本田事務次官、首都圏増枠を具体化-訪日業者に「ルール」も

  • 2014年7月30日

国土交通事務次官の本田勝氏 国土交通事務次官に7月8日付で就任した本田勝氏は7月30日、交通運輸系専門誌の就任インタビューに対して、国土交通省が所管する各分野で政策の「具体化」に取り組むと抱負を語った。本田氏は、観光や航空、交通いずれも「政策の基本は決まってきており、すべて実施段階」であり、「議論や活字の世界から実際の姿にしていく」ことが課題であるとの考えだ。

 航空分野では、首都圏空港の発着枠拡大に向けて施策の具体化に着手する。成田と羽田の発着枠については、現状で合計75万回までの増枠が実現しているが、「このままで日本の首都圏が世界に対する競争力を持ちながらやっていけるのか。

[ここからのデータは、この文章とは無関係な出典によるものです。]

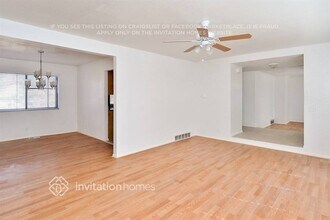 3679 S Helena Way in Aurora, CO - Building Photo - Building Photo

2020年のオリンピックもあり、航空の容量の限界が首都圏の成長の限界になりはしないかという危惧」があるところ。

 そのため、交通政策審議会航空分科会基本政策部会の首都圏空港機能強化技術検討小委員会が技術的検討を実施。その結果として、成田は既存施設の有効活用や改善など、羽田は飛行経路の変更などにより、それぞれ年間約4万回、1日約50便の増枠が可能とする中間とりまとめを発表した。

 本田氏の抱負はこれを受けたもの。「航空局が一方的にやるような話ではない」とした上で、地元の自治体や航空会社の意見を聞いて具体化の道筋をつけていきたい」と語った。

 このほか、日系航空会社の成長についても、「空港制約などつまらない規制を残しておくといったことは止めて、成長できる環境を作らなければならない」とコメント。安全性は十分に確保した上で、競争力を高める必要性を指摘した。

 一方、観光分野では、2020年の訪日外客数2000万人に向けて「より科学的、実務的なシステムとして観光行政をしていく必要がある」との考え。東京オリンピック・パラリンピックも契機とし、マーケティング力を強化することで、海外の消費者が日本に望む物事や日本の魅力などを客観的に確認、整理した上でのプロモーションや受入環境の整備に取り組んでいく。

 また、その際に「心しなければならない」こととして、オリンピック・パラリンピック開催や訪日旅行市場拡大の効果を首都圏に集中させず、2015年以降に予定される北陸新幹線の金沢延伸や北海道新幹線の開業なども活用して「全国が潤っていく方向」をめざす。

 加えて、訪日旅行と旅行会社との関係についても「今方向性を示すことはできない」としつつ、「1000万人という次元と2000万人の次元は違う。2000万人になった時に世界が日本をどう考えるかと、今どう考えられているかは違う」と予測。その上で、「行程の安全などをちゃんと業界が提供できるかについての期待も違ってくるだろう」と語り、その際には「一定の規制、ルール」が必要になると語った。